Once we identify these areas, if they are sufficiently large we can pass them to a new NbClust scenario and it can cluster them anew.
current = bmap +
geom_sf(data = ENVIbs$Geometry, aes(fill = factor(ID))) +
labs(title = 'Current', fill = 'Cluster') +
theme(legend.position = "none")
future = bmap +
geom_sf(data = future_clusts$clusters_sf, aes(fill = factor(ID))) +
labs(title = '2041-2060', fill = 'Cluster')
current + future
However, we also need to determine which current areas are most similar to these novel climate clusters. We can take values from both classifcation scenarios, and cluster them, and identify which new climate clusters share branches with existing clusters. This is the method we employ to identify the most similar existing climate groups.
future_clusts$novel_similarity
[1] novel_cluster_id nearest_existing_id avg_silhouette_width
<0 rows> (or 0-length row.names)It is from these groups that we are most likely to collect germplasm relevant for the future scenarios.

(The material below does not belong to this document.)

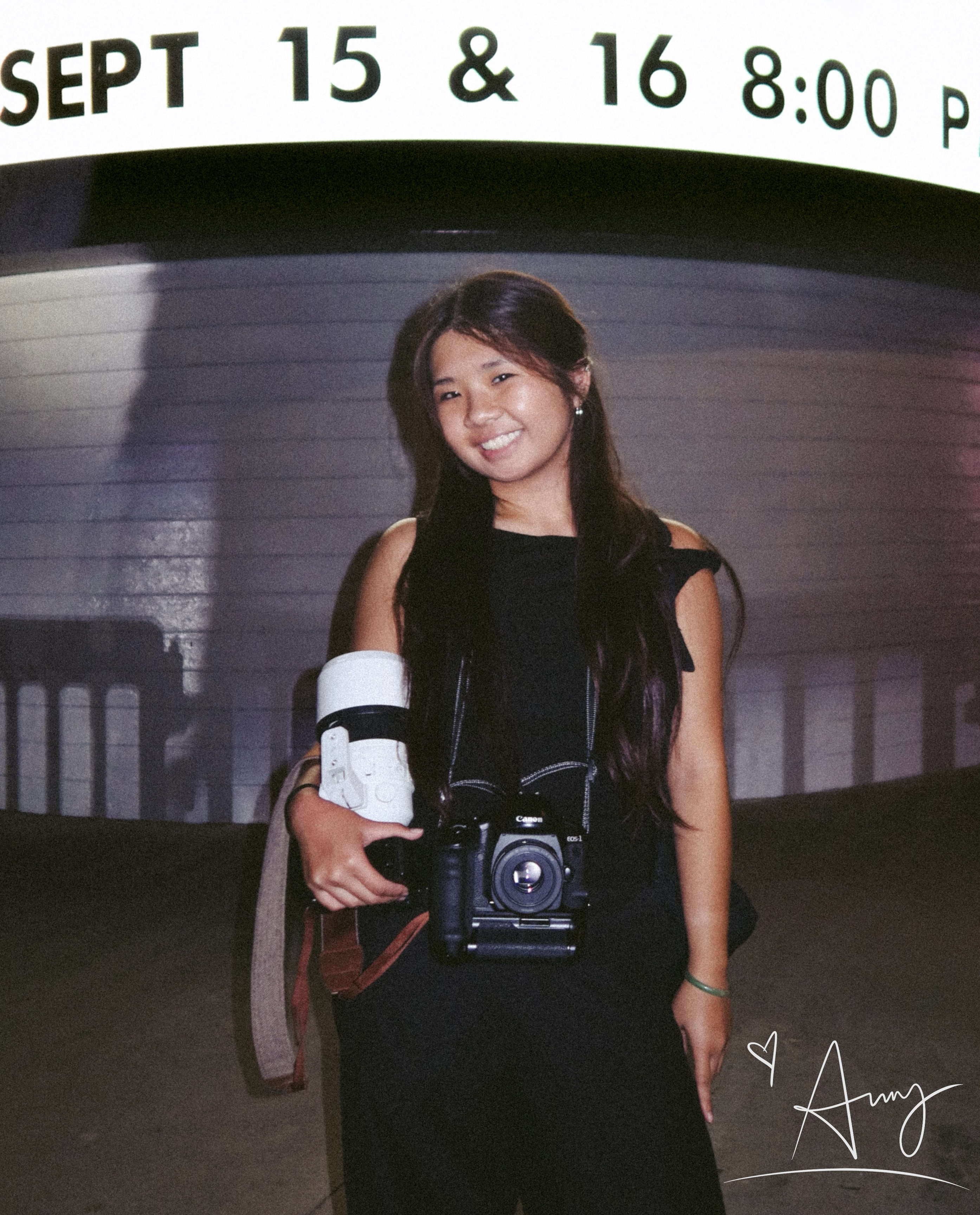Amy MyAn holding a camera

We can also take a very quick look at how cluster sizes change between the scenarios
future_clusts$changes
cluster_id current_area_km2 future_area_km2 area_change_pct
1 1 4043.3230 28300.9046 599.94172
2 2 13170.6534 269.7564 -97.95184
3 3 4998.7124 1407.8829 -71.83509
4 4 4435.7130 136.0061 -96.93384
5 5 12027.6067 872.3368 -92.74721
6 6 15081.4257 952.5868 -93.68371
7 7 2576.1257 0.0000 -100.00000
8 8 33353.1496 1413.2125 -95.76288
9 9 3958.0202 3040.5491 -23.18005
10 10 6312.3643 747.9952 -88.15032
11 11 1313.6535 0.0000 -100.00000
12 12 597.1152 4630.9965 675.56168
13 13 36782.2993 4143.2314 -88.73580
14 14 32653.6727 1344.0688 -95.88387
15 15 0.0000 3528.7292 NA
centroid_shift_km
1 460.1072
2 290.3649
3 205.2148
4 251.8769
5 726.1748
6 254.4887
7 NA
8 330.4310
9 494.6931
10 14.2699
11 NA
12 539.5743
13 298.5651
14 374.5908
15 NAConclusion
All functions in safeHavens work to identify areas where
populations have the potential to maximize the coverage of neutral and
allelic (genetic) diversity across the species. Large scale restoration
requires the availability of seed sources as the need, and funding
opportunities arise to use them. Developping germplasm materials from
populations that seem adapted to future climate conditions is essential
for future opportunities. While this function does not in any way seek
to identify the best available seed source for a restoration, ala SST or
COSST, it does seek to ensure that the best available option can be
timely applied as the occasion arises.
This is of particular importance for areas that are not able to plan restorations and develop their own seed sources using point-based analyses.